The ubiquitous phrase "big data" has worn out its welcome. For most businesses, the emphasis lies in useful analytic results, not the size or the source of data that produces insight. But that doesn't mean analytics technology should stand still.
On the contrary, argues Christian Gheorghe, CEO of Tidemark. He maintains that legacy EPM (enterprise performance management) applications restrict the benefits of analytics to a chosen few in the organization. Tidemark's cloud-based analytics platform seeks to open up this exclusive realm and create what Gheorghe calls a "companywide culture of performance." In this week's New Tech Forum, Gheorghe contends that his platform delivers just that, through a combination of object-oriented application models, cloud architecture, and self-service user experience. -- Paul Venezia
How cloud-first EPM yields enterprise-wide insights
Fueled by the explosion in data and the consumerization of IT, today's analytics apps are simple and intuitive, and they're designed to provide much greater insight into both business performance and new revenue opportunities. A key goal of these apps is to enable the entire organization to positively impact business performance. By engaging more users in forecasting and planning, for example, the data is more contextual and readily accessible to multiple lines of business.
Conversely, database-centric legacy architectures of EPM applications prevent businesses from easily exploiting varied data sources, while their design restricts usage to power users. As a result, only 12 percent of employees use their company's analytics tools today, creating a handicap that many businesses fail to identify.
The ETL (extract, transfer, load) model developed back in the '90s remains a commonly used method to extract predetermined subsets of structured data from the monolithic transactional systems that serve as data repositories. Once extracted, the data is transformed into a structure that makes business sense and loaded into business apps.
The problem is that data today comes from many sources and not all of it is structured. Nonstructured data (documents, RSS, social media, sensor data) is now essential to the analytic process. In the legacy world, the most common way to make it available to users is for IT to work in conjunction with finance to force big data into a cube or transactional system -- an expensive and time-consuming process that requires compromises.
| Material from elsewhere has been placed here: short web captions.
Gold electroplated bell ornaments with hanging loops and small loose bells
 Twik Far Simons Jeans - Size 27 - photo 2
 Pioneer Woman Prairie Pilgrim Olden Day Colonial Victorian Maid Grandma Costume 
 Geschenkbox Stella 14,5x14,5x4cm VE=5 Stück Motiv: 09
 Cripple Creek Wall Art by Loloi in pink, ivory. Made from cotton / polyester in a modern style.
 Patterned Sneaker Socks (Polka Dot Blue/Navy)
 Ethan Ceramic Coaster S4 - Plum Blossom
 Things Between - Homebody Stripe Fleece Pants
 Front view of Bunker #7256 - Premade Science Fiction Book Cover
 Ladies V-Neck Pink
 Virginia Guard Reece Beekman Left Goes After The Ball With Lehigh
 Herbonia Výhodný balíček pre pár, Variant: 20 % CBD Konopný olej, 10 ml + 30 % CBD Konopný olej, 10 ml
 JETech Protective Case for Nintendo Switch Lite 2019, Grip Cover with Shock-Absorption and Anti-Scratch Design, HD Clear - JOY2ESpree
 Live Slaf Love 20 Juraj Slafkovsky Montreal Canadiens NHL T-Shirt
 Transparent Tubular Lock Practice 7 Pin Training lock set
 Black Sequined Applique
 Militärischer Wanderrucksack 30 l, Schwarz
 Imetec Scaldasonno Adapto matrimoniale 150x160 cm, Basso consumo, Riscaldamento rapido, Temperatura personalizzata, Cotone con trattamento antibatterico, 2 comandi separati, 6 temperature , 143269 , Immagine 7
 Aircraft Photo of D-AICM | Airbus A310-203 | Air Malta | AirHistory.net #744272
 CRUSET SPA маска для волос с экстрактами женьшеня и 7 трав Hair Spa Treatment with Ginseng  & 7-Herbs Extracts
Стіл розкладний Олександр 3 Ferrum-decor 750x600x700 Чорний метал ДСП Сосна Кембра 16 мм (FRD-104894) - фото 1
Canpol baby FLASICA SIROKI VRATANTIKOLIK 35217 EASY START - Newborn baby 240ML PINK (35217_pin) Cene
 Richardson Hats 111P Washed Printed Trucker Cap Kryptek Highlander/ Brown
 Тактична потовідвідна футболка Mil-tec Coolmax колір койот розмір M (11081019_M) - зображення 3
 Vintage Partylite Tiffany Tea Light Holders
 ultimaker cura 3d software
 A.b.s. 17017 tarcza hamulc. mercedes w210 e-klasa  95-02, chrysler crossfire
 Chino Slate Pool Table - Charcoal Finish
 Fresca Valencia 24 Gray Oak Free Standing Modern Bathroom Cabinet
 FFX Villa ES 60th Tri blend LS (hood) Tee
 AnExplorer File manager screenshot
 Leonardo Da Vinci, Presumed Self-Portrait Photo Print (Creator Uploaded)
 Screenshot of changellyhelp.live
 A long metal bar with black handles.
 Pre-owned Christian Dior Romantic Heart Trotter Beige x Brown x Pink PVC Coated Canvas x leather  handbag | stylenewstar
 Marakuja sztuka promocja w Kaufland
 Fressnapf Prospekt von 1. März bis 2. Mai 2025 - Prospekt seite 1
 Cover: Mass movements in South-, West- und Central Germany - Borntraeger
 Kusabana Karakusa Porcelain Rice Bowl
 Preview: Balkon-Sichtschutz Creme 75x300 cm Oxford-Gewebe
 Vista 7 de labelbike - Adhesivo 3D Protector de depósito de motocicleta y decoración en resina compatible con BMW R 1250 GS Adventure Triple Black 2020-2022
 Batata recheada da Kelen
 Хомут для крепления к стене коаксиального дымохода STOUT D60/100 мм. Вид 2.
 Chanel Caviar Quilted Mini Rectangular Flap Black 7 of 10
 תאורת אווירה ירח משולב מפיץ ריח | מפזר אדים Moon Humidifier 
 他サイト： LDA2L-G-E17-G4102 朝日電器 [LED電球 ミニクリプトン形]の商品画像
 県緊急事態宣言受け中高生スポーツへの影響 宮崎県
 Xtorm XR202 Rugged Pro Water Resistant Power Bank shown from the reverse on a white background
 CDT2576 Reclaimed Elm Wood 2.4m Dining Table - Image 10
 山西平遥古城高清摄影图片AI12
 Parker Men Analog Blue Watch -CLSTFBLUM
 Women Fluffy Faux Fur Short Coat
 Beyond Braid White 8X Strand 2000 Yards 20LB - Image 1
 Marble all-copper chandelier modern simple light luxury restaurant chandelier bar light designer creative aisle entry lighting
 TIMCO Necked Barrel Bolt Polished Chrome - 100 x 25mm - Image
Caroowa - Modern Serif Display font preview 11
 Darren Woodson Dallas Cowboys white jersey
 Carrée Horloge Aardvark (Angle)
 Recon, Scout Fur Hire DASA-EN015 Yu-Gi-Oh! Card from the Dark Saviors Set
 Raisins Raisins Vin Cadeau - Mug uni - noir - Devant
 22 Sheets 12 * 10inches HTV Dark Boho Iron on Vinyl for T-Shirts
Modern EPM solutions turn the traditional concept of ETL on its head, prioritizing users and the business questions they want to explore. They forge entirely new models as needed to extract the data and answer each question in real time. Making the process collaborative gives users the ability to analyze data within the specific context of their business problem. Instead of ETL, the more optimal approach is ELT: First, extract all the data from sources; then load it into the computational grid in the cloud; finally, transform it as business users are asking questions and modeling processes.
Object-oriented application models
For optimal results, everything a user can configure in the model should translate to an object or attributes of the object. These objects have complex, many-to-many relationships with one another that define how the application will transform the data. For example, a company's model may contain 10 different dimensions, including product, customer, region, and time. As the user changes the configuration of that model -- say, by adding a new hierarchy or a new dimension -- the configuration is translated into transformations that will be applied at runtime.
With this approach, a large array of use cases can be quickly configured, tried within various scenarios, and modified as the business changes, all without the normal hand-holding required from IT.